From the first line of the entries below through the line holding "Habrosyne pyritoides (Hufnagel, 1766)", write out every line exactly, please, and leave out the pictures.

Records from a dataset
..........

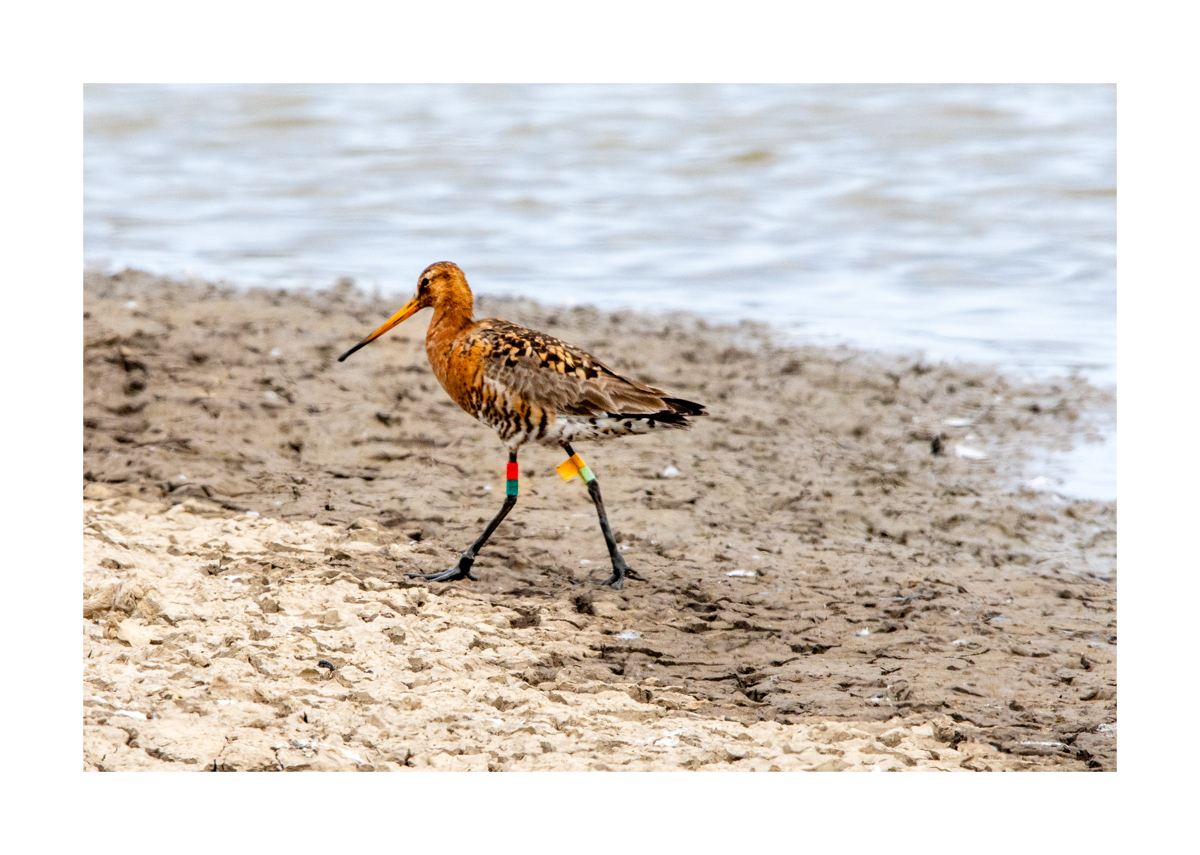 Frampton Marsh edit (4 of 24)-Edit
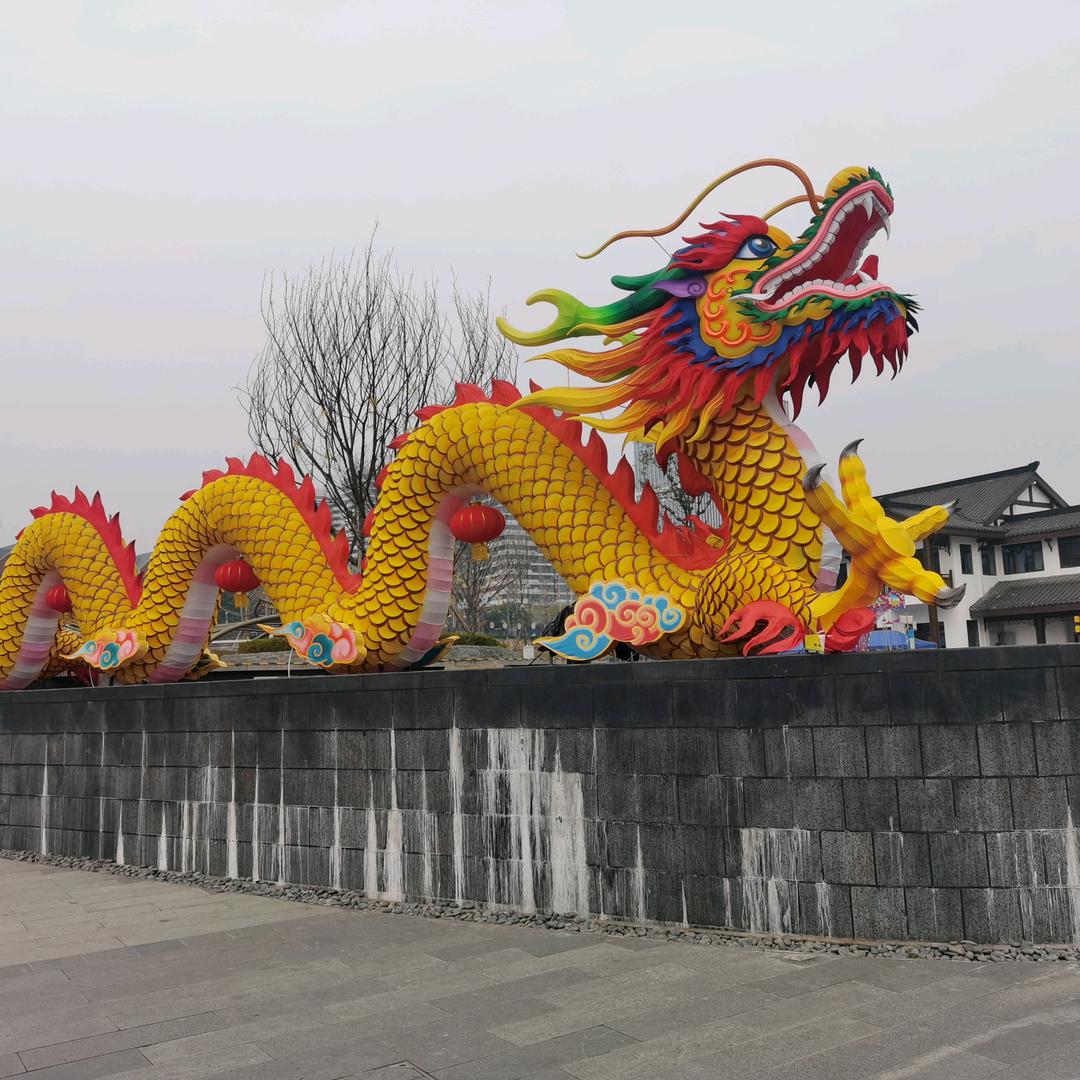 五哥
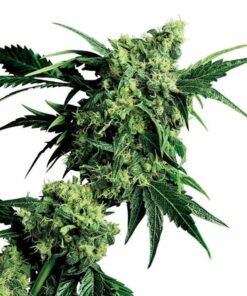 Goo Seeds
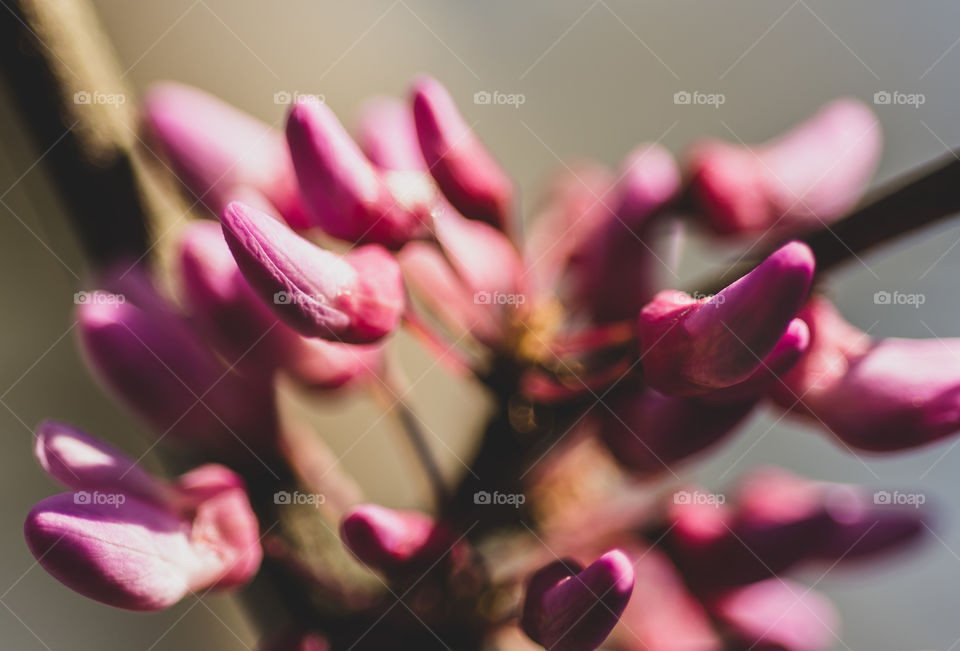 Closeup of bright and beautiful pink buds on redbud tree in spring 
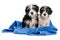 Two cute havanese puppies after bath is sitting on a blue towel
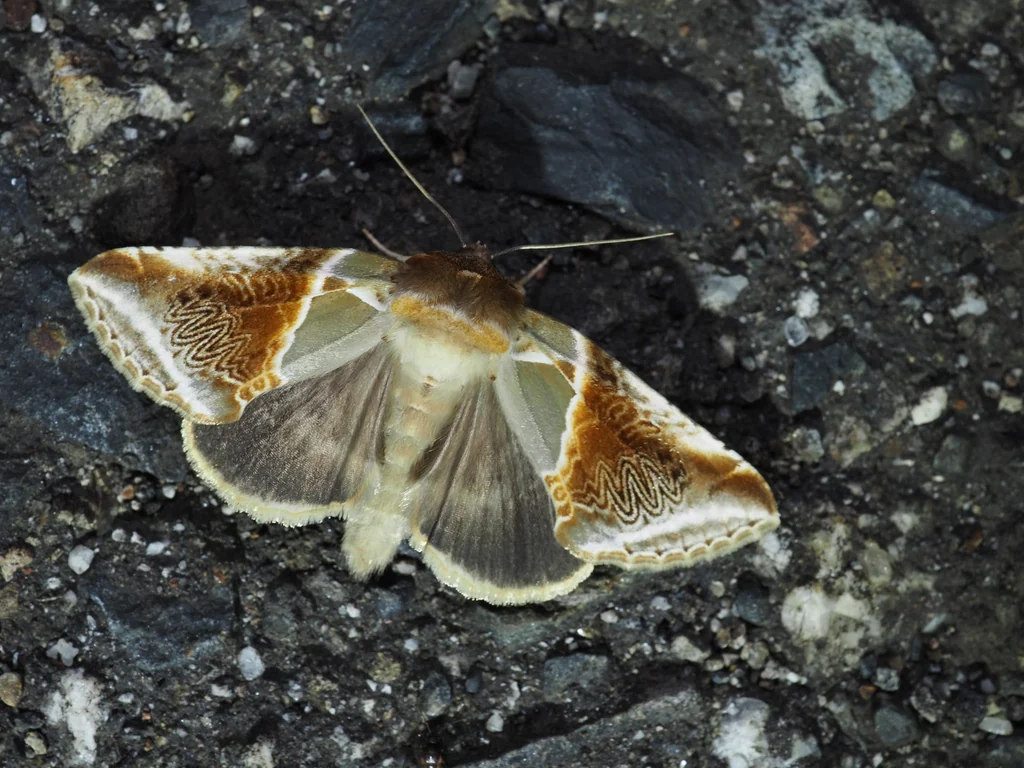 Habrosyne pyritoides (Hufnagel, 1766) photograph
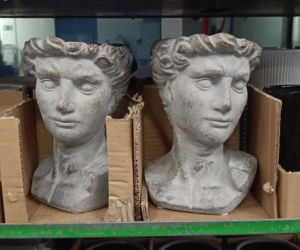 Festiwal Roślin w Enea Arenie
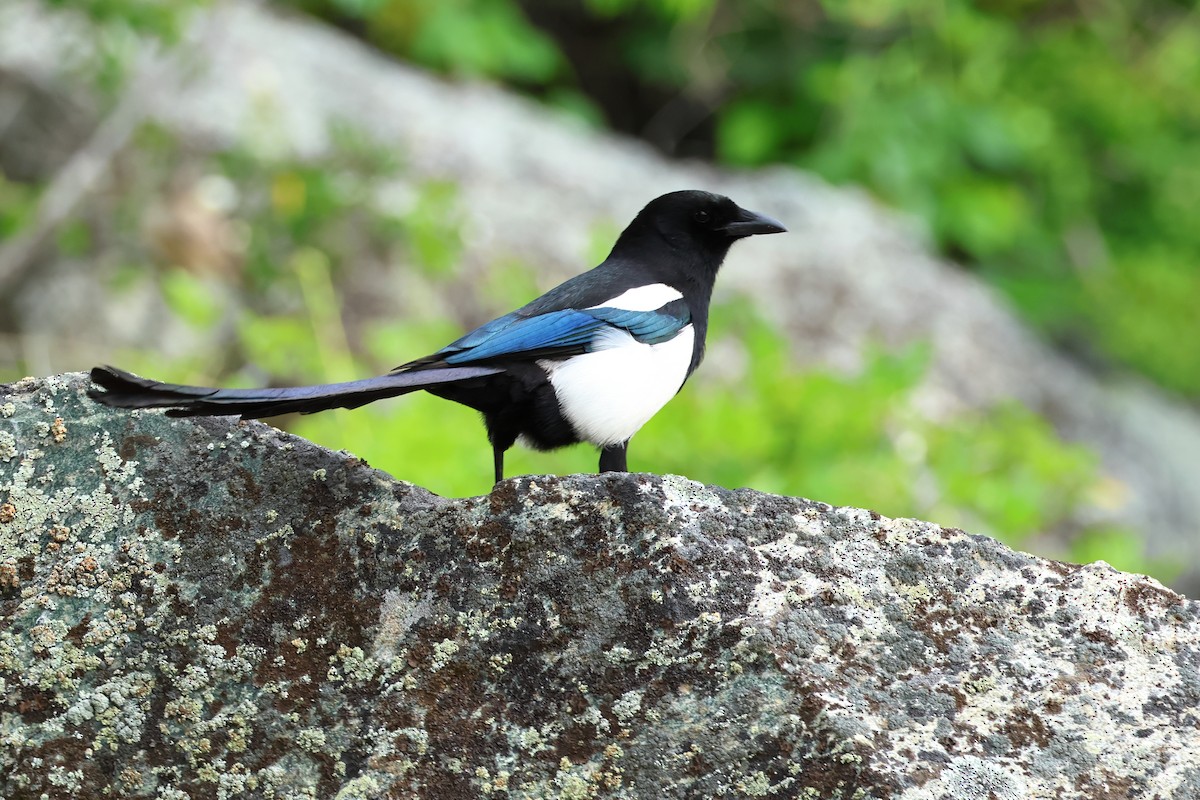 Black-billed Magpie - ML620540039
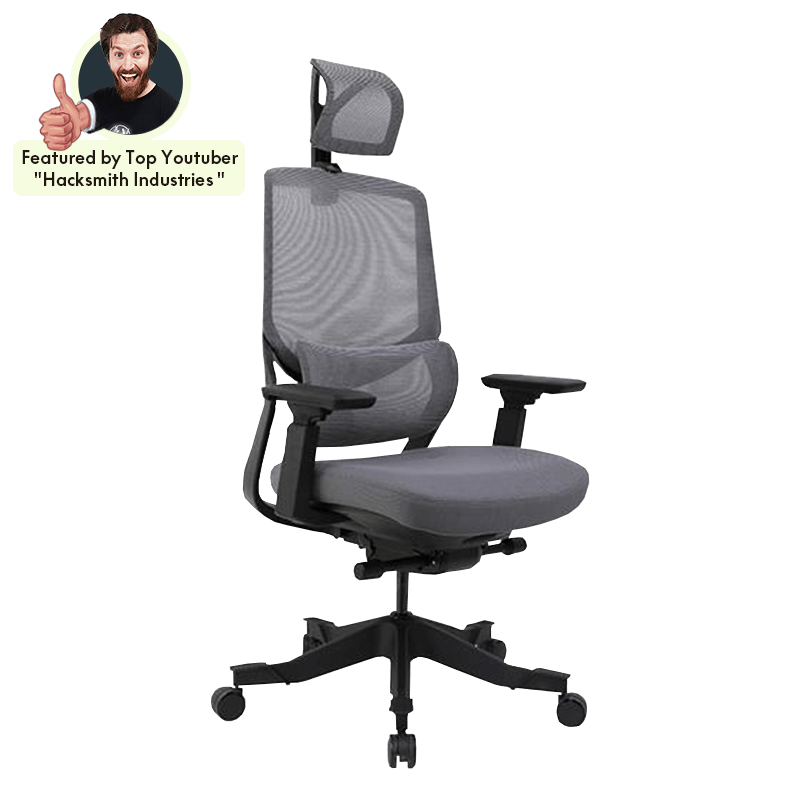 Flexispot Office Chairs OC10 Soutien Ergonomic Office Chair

..........

** ANSWER BELOW **
 Frampton Marsh edit (4 of 24)-Edit
 五哥
 Goo Seeds
 Closeup of bright and beautiful pink buds on redbud tree in spring 
 Two cute havanese puppies after bath is sitting on a blue towel
 Habrosyne pyritoides (Hufnagel, 1766) photograph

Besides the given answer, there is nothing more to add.